In that pandemic apartment, I planned my escape. I knew that what I was doing was going to be seen as, because it was, a kind of arrested development, or regression, or midlife crisis. But also, in my head, it was the only logical move. I’ve had a great career as an adult person of some consequence, I’ve had the inklings of a rut for a while now (which 2020 turned into a crater, what can you do), why not get back to that other thing I was doing, it seemed important.

So, I talked to my employer, told them the plan, got a deal to stay on remote for a while just to get them through the crisis, then once moved and settled, I let go. Got my vaccination papers in order, sold the furniture and gadgetry I could on Carousel and gave away the rest. Found an apartment in Quezon City, turned it into an office. Met old friends and family and gave them versions of the spiel you just read. Then live off savings, write novel. After that? Who knows.

Harder than I thought, naturally. For one, years of policy work has made me the slowest writer in the world. Maybe I developed ADD. Also, upheaving your life, even if it’s the right thing, can be incapacitating. I remember what my old boss from government told me when we were about to step down from office: “Being important one day and being unimportant the next will be a shock.” And it was then and it was again.

A year goes by. I deal with my head; I buy a bike, try to get healthy; I binge a few shows, have more than a few drinks with buddies, pour more of my savings down a hole every day, and I write. It’s great, but it’s slow. Or, it’s so, so slow, but it’s great. When it’s there. I got a two bedroom, the second bedroom converted into a far-from picturesque office space. The very few moments I spend in there a day are the only ones wherein I feel like I’m doing something important again. It isn’t important in the real-world sense. But I’ve somehow convinced myself it’s the only worthwhile thing to do, and so it is.

And even before the time money ran out I stopped being in a hurry. It’ll come, I tell myself, rushing it will just make it bad. Still, I need to earn a living, have to go freelance, as an editor or writer. That’s what I did, just like I did in the aughts. Not full circle, but something like it.

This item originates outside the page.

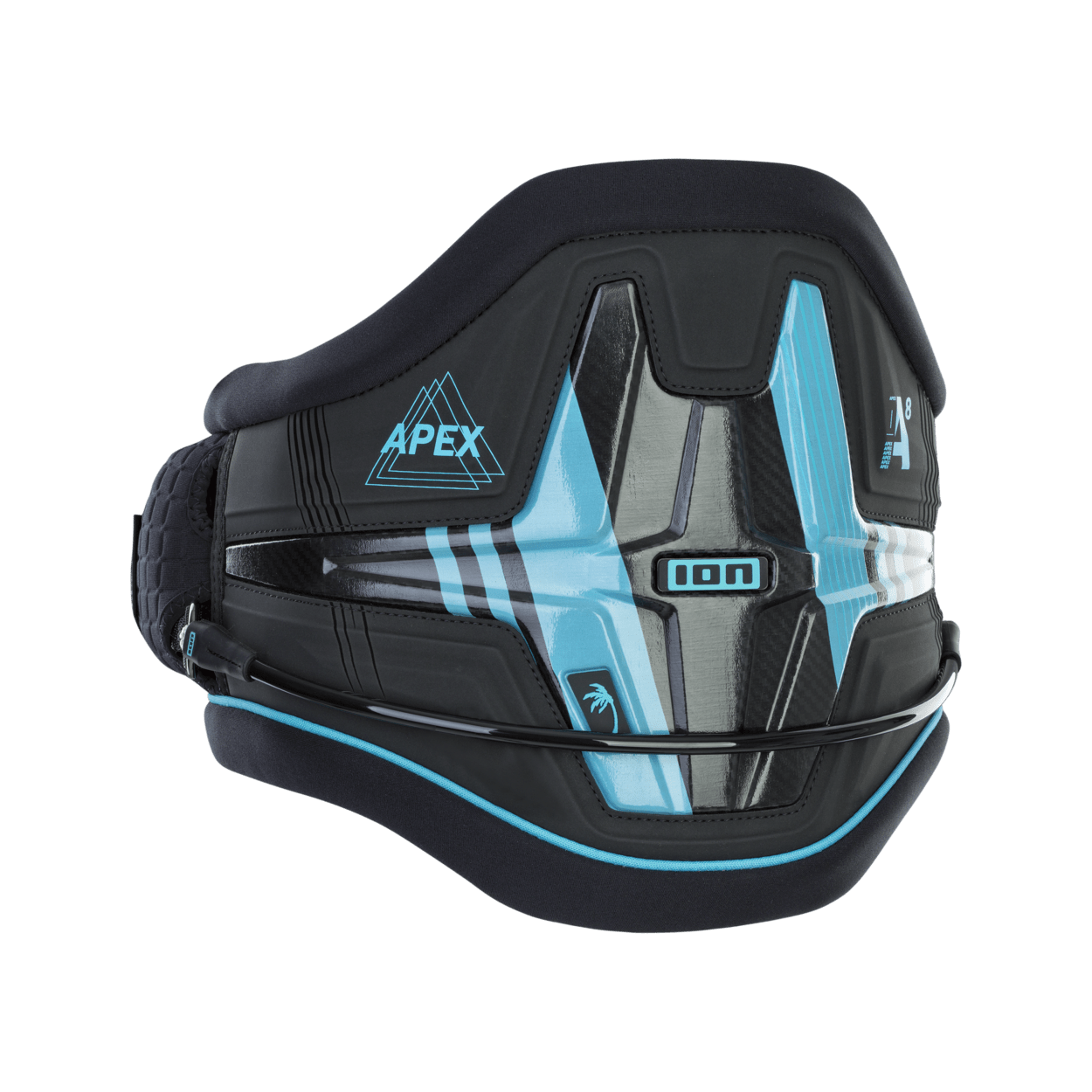 ION Apex Kite Harness Men 2022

So, here we are, holed up in an apartment, a freelance writer and an aspiring novelist—the first thing struggles to pay the bills but it’s the second unfinished thing that keeps the show going. A novel in this country won’t turn out to be a big payday someday, but that’s not the point. The point is the work, the creation, or the process of it. One day, maybe soon, it will be finished (and, just maybe, published), and then the thing that will keep the show going will be the next one, which I’ll write between freelancing, drinks, bike rides around the city. While it’s not something you’d take home to meet your family, I don’t think I’ve enjoyed myself as much as I do these days.

Pocholo Goitia is a fictionist and freelance writer from the Philippines. He was, for six years each, managing editor of the Official Gazette under the administration of Noynoy Aquino, and communications manager for the Asia-Pacific Economic Cooperation Secretariat based in Singapore. He has published short stories in various literary journals, magazines, and anthologies. Today he lives in Quezon City with his bike and three laptops.